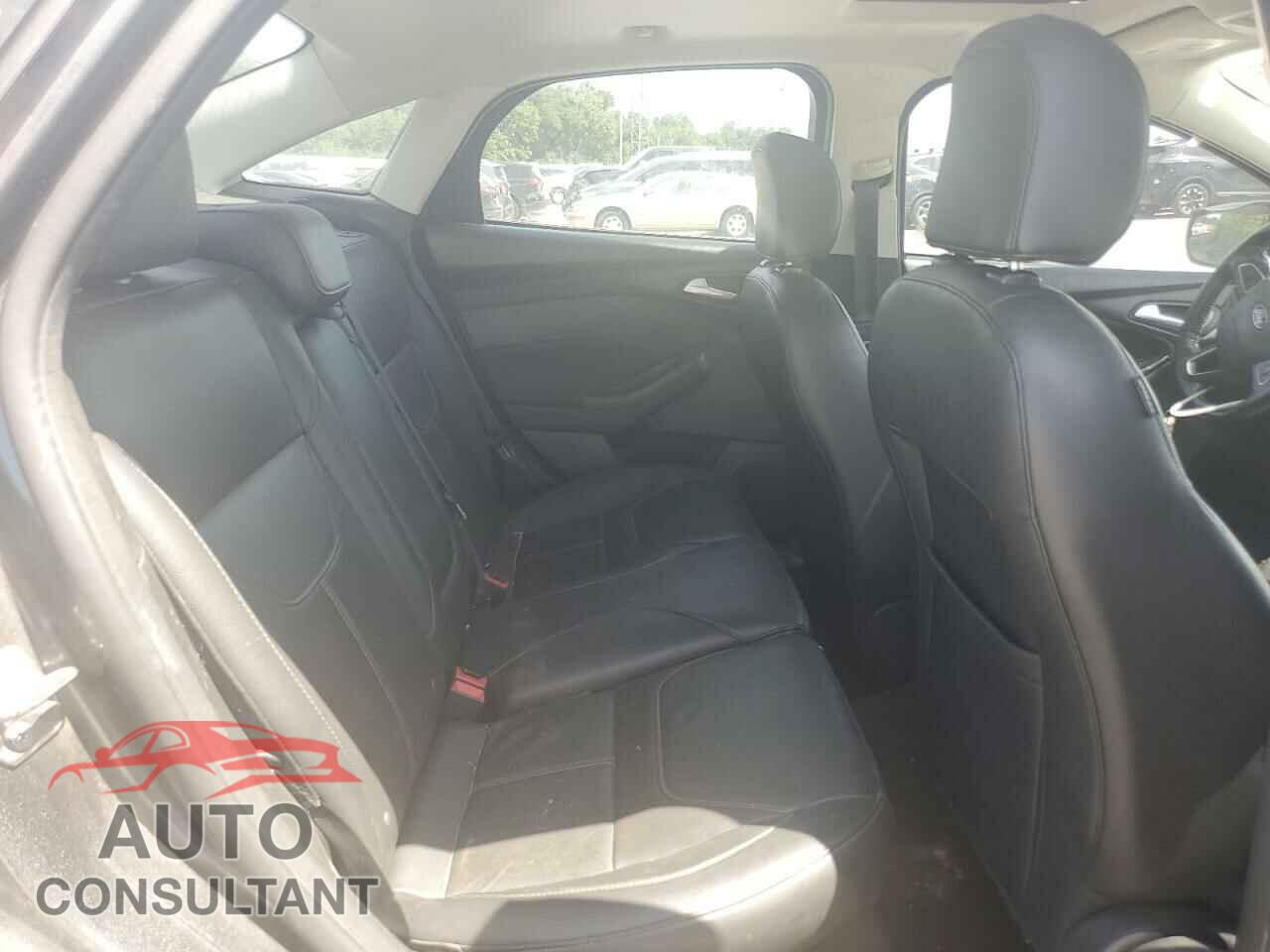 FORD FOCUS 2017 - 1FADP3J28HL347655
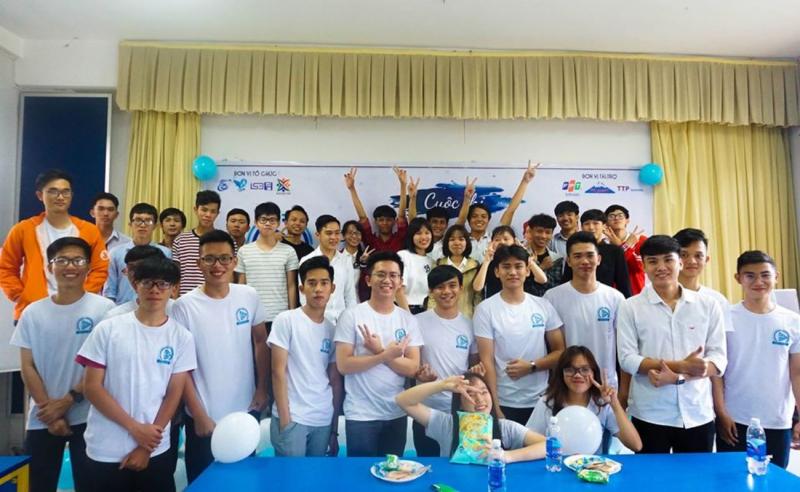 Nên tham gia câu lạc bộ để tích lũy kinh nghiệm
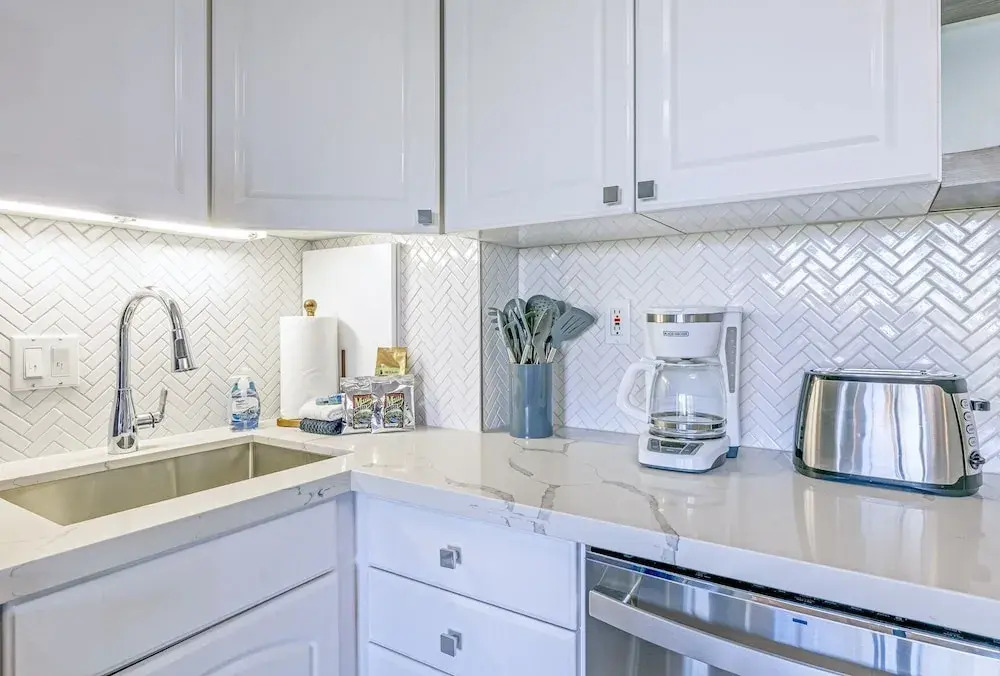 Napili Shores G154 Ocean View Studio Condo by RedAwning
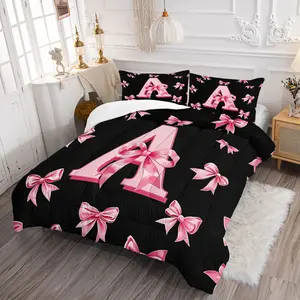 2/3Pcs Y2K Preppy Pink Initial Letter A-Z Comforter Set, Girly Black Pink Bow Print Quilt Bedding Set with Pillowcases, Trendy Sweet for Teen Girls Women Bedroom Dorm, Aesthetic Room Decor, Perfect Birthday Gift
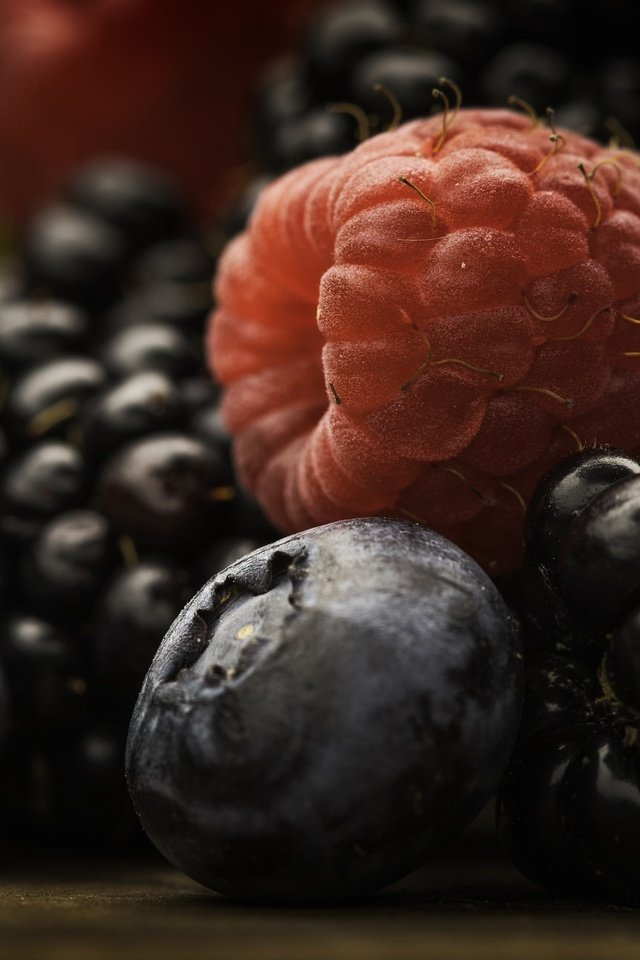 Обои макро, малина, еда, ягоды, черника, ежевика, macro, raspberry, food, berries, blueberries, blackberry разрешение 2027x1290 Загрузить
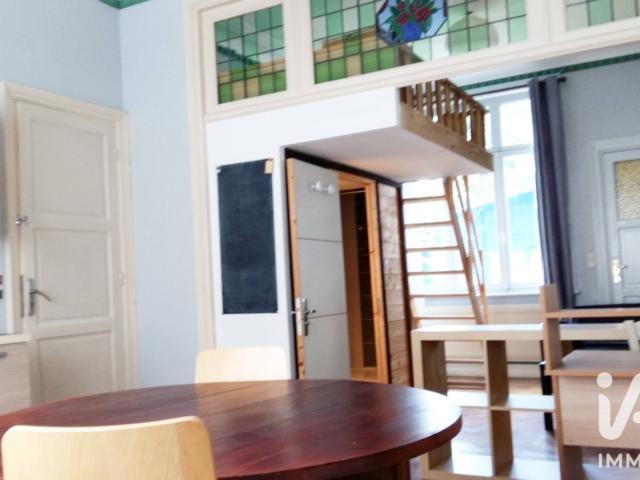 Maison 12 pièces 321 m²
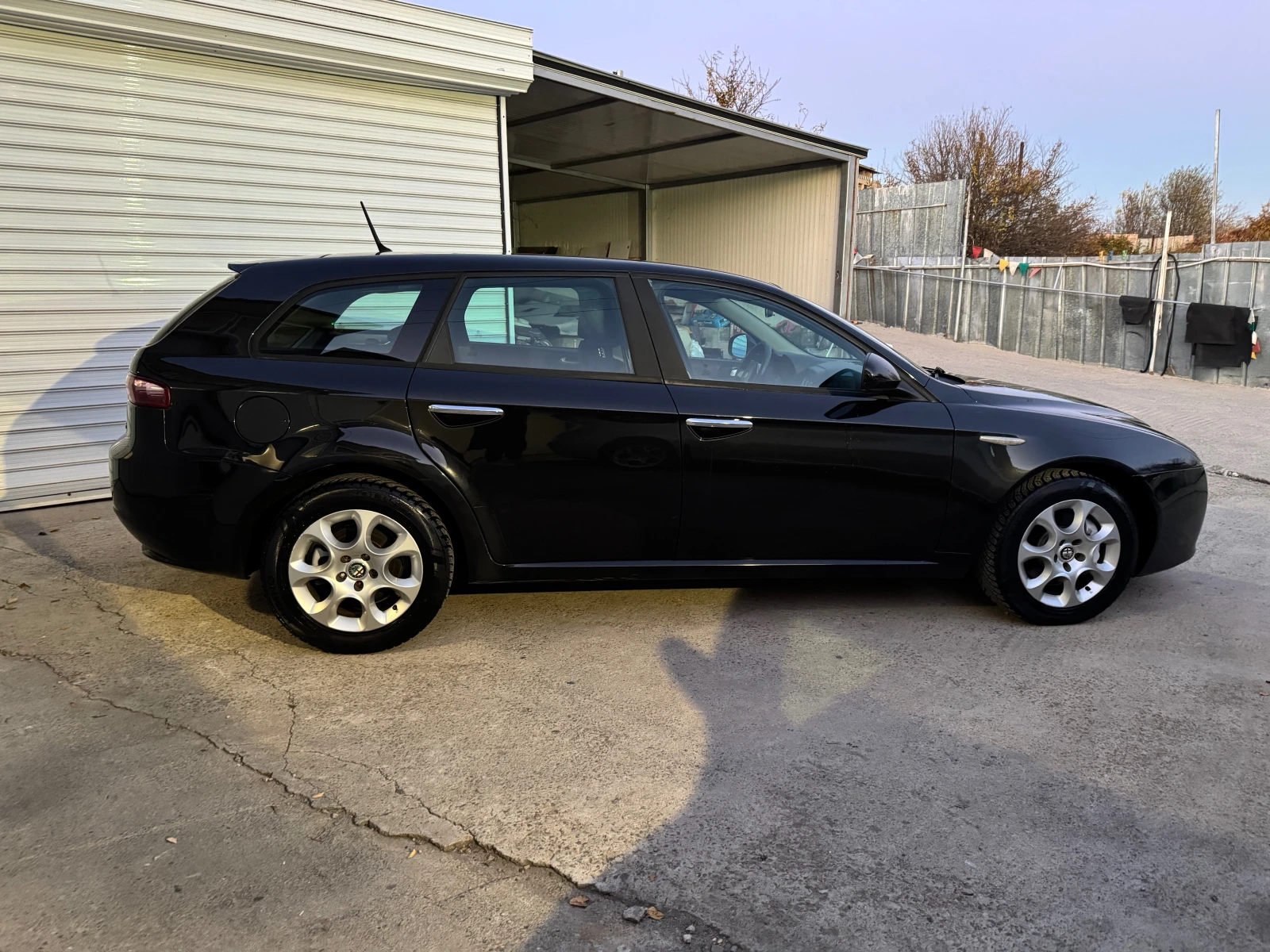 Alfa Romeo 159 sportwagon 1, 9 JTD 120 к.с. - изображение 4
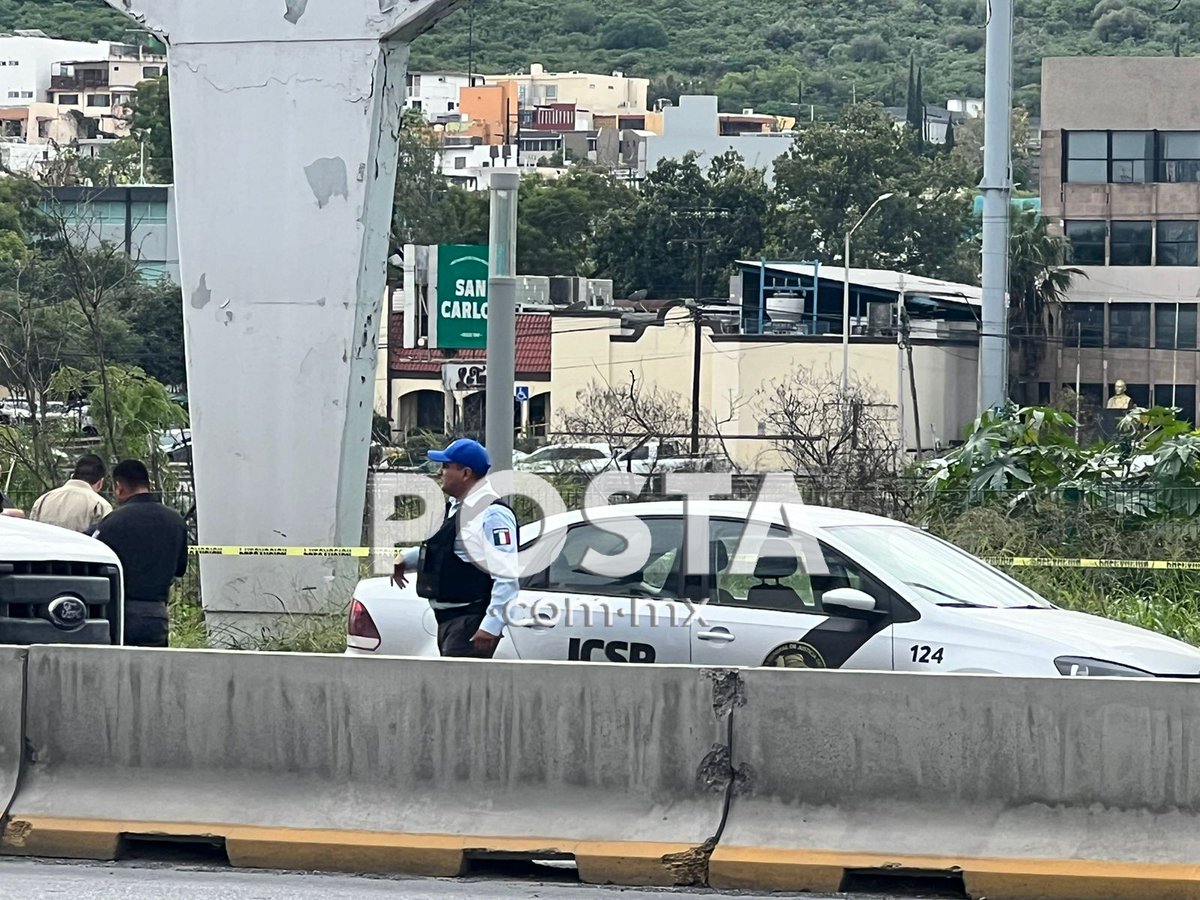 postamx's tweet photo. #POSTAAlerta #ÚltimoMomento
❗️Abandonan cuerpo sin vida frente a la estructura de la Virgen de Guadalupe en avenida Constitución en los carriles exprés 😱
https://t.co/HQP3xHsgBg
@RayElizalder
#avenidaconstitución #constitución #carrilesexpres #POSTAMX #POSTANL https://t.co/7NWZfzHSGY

_PROBLEM DETAILS:_
Your reply should hold exactly the lines from the line containing "разрешение 2027x1290 Загрузить" through the final line of the listing, and none of the pictures.

_COMPLETED TASK:_
 Обои макро, малина, еда, ягоды, черника, ежевика, macro, raspberry, food, berries, blueberries, blackberry разрешение 2027x1290 Загрузить
 Maison 12 pièces 321 m²
 Alfa Romeo 159 sportwagon 1, 9 JTD 120 к.с. - изображение 4
 postamx's tweet photo. #POSTAAlerta #ÚltimoMomento
❗️Abandonan cuerpo sin vida frente a la estructura de la Virgen de Guadalupe en avenida Constitución en los carriles exprés 😱
https://t.co/HQP3xHsgBg
@RayElizalder
#avenidaconstitución #constitución #carrilesexpres #POSTAMX #POSTANL https://t.co/7NWZfzHSGY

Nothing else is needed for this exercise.